Since opening its doors in the north, the company has lost money in every year of operation. As a result the company recently filed for Chapter 11 bankruptcy, also known as the Companies’ Creditors Arrangement Act, which allows for the orderly winding down of a business.
Jaylin Evans is a fourth-year creative industries student at TMU and one of the thousands of Nordstrom employees who will lose their job in the coming weeks.
“The way that I heard that it was closing was actually through 6ixBuzz, which is probably the worst way to find out that you’re going to be unemployed,” said Evans.
“We don’t know when they’re gonna start handing out those official ‘you’ve been laid off papers’, but we’re expecting it and just don’t know when it’s actually gonna happen.”
Evans, who is just weeks away from graduating says she still reflects fondly on her time with the company despite the abrupt ending, but is left feeling uncertain and anxious about what comes next.
“I don’t know if I can find another part-time job that’s going to be as flexible and as understanding as my managers were at Nordstrom, especially as a student,” said Evans.
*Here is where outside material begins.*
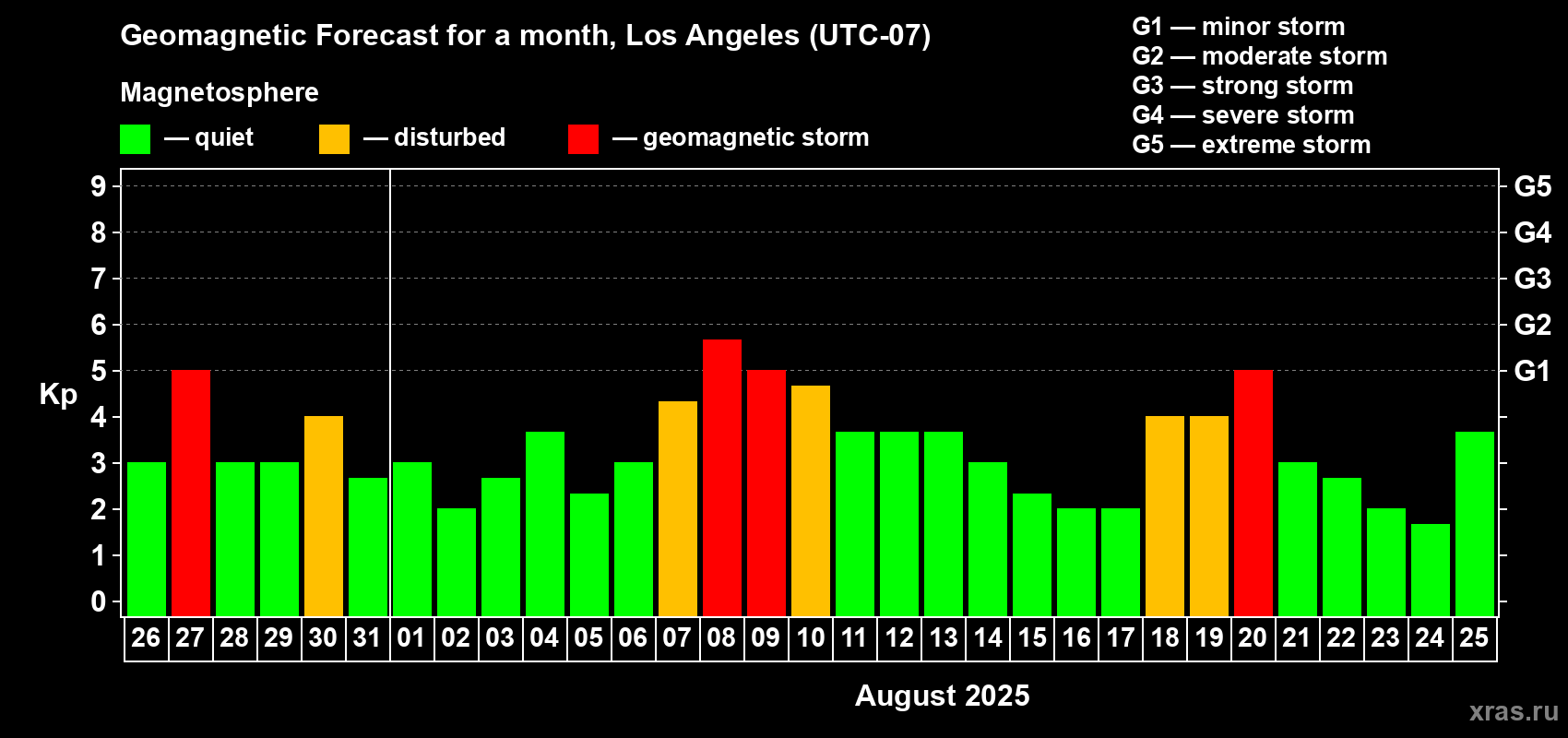 Forecast of the daily maximal value of geomagnetic index Kp for <b>1 month</b> (31 days) <b>from Jul 26, 2025 to Aug 25, 2025</b>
According to a Financial Post article, the recent exodus of companies such as Target and now Nordstrom may suggest that American chains struggle to succeed in the Canadian market. However, Dr. Joseph Aversa, an assistant retail management professor at TMU, does not agree.
“To say that U.S. companies can’t find success here is just not true. Walmart is American, Home Depot, Amazon, the list goes on and on,” said Aversa.
“I think it’s less to do with the company being American and more to do with the retail category that they’re doing business in. I wasn’t surprised to see them close, because the department store category that Nordstrom falls under has long experienced hardships.”
There is now the question of what stores will fill the retail space left behind. Nordstrom stores in Canada range in size from around 40,000 square feet to larger stores at over 220,000 square feet, an amount of retail space that could be difficult to fill even for large shopping centers such as the CF Toronto Eaton Centre.
“The truth is, the likelihood of them finding one retailer to occupy that space is probably not likely,” said Aversa.
“What you’re going to find is those spaces will probably be divided up and parsed out to accommodate other types of service or retail. We’re starting to see gyms in malls, which in the 90s was like a kiss of death, you never wanted those types of services in malls.”